Mi viaje a Covarrubias: Primer día (parte 1)

Puedo afirmar que el viaje había comenzado en la capital española, pues aunque había pasado tres días en la casa de los primos madrileños de mi mejor amiga, sentía que mi viaje comenzaba en ese mismo instante, quizás era porque en una pequeña parte de mi corazón sentía que la confianza con estos primos iba en aumento, pero también podía ser el hecho de la disposición que sentía con respecto a los pueblo procede tes de Burgos, los cuales poseían un encanto que era difícil comunicar con palabras.
En la estación de guaguas de Madrid tuvimos que esperar unos veinte minutos hasta que pudieramos subir, minutos que aprovechamos para comer y, en mi caso, sacar dinero. Nuestra primera sorpresa fue quizá la incorporación de unas pantallas táctiles por las que podías disfrutar de una película, una serie, juegos, música...
Veía como los primos mostraban su entusiasmo, dicho entusiasmo se producía en parte al hecho de que, en principio se había dispuesto que el precio de los billetes no incluía la tecnología que tanto adoraba la gente joven. 

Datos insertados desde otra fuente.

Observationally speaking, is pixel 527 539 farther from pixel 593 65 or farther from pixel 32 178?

Pero la sorpresa no acabaría ahí, nuestra sorpresa más preocupante se produjo cuando el conductor borde que nos llevaría hasta Lerma nos comunicó que debíamos dejar la guagua y que nos subiríamos en otra (que posiblemente no incluyera la tecnología).
La cara de la prima de mi mejor amiga era todo un poema, pues en aquella personita que poseía un pelo de color amarillo-verdoso albergaba una mezcla de asombro y decepción mezclada, al mismo tiempo con un cierto toque de gracia. Lo cierto era que el asunto me parecía de lo más gracioso y ante las desilusiones, aquella extraña persona era capaz de sacar una sonrisa. Cualidad que siempre quise tener. 

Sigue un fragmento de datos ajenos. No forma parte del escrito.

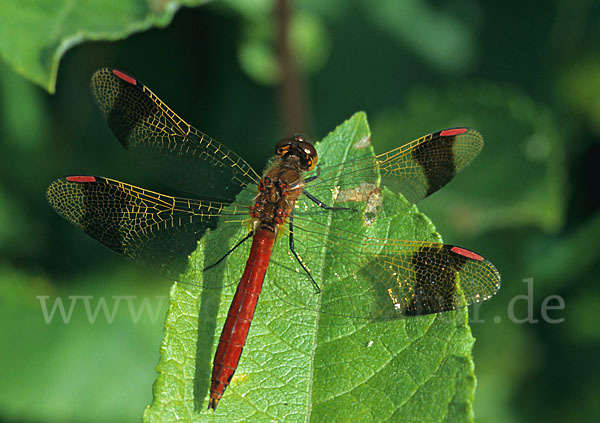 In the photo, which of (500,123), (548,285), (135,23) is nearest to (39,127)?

Los cuatro, al igual que el resto de pasajeros, nos manteníamos expectantes ante la situación, ante la incertidumbre que producía el no saber que tipo de guagua sería la indicada para nosotros. Los primos, que poseían una gracia propia de la sangre andaluza, comenzaron a especular acerca de coo sería nuestra horrorosa guagua entre risas y fiestas. Yo, mientras tanto me mantenía distante, observando todo lo que ocurría a mi alrededor. Me gustaba observar, era como si todo en ese momento me perteneciera y verlos así de felices me reconfortaba enormemente. La satisfacción que sentía fue en crecendo cuando vimos aparecer la guagua ¡Una guagua con tecnología!, exactamente la misma guagua que habíamos dejado atrás. Dejamos las maletas y subimos al trasto metálico, repitiendo los mismos sucesos acaecidos anteriormente. 
El viaje duraba aproximadamente unas dos horas, a mi lado veía como Laura, mi mejor amiga, se iba consumiendo en su frustación más absoluta al no poder usar en internetde aquel odioso aparato, y que lo que más deseaba en ese momento era ver el último capítulo de la tercera temporada de "Los misterios de Laura". Encendí el trasto tecnológico y pulse "películas, acción" con el fin de entretenerme en la guagua. Encontré una película a la altura de mis expectativas "El juego de Ender" y comencé a verla. Me gustaba esa película, la forma en la que utilizaban a los niños para sus fines egoístas y estúpidos, eso es algo que me llama especialmente la atención, pues hoy en día todo el mundo utiliza a los demás para sus propios fines. Cuando llegué a la mitad de la película decidí observar de nuevo a mi alrededor, volviendo dd golpe a la realidad. Fue entonces cuando vi que Laura había caído en la más profunda rendición con respecto al internet y por ello se había puesto a ver el capítulo en su móvil. 
Después de terminar de ver la película de hora y media, la cual había reducido a una hora mediante adelantos, decidí dejar de usar ese aparato y me puse a escuchar música en el móvil mientras miraba por la ventana.
Debería admitir que no poder ver el mar en ninguna ocasión del día me producía un sentimiento parecido al enjaulamiento, pero definitivamente sabía que eso merecía la pena.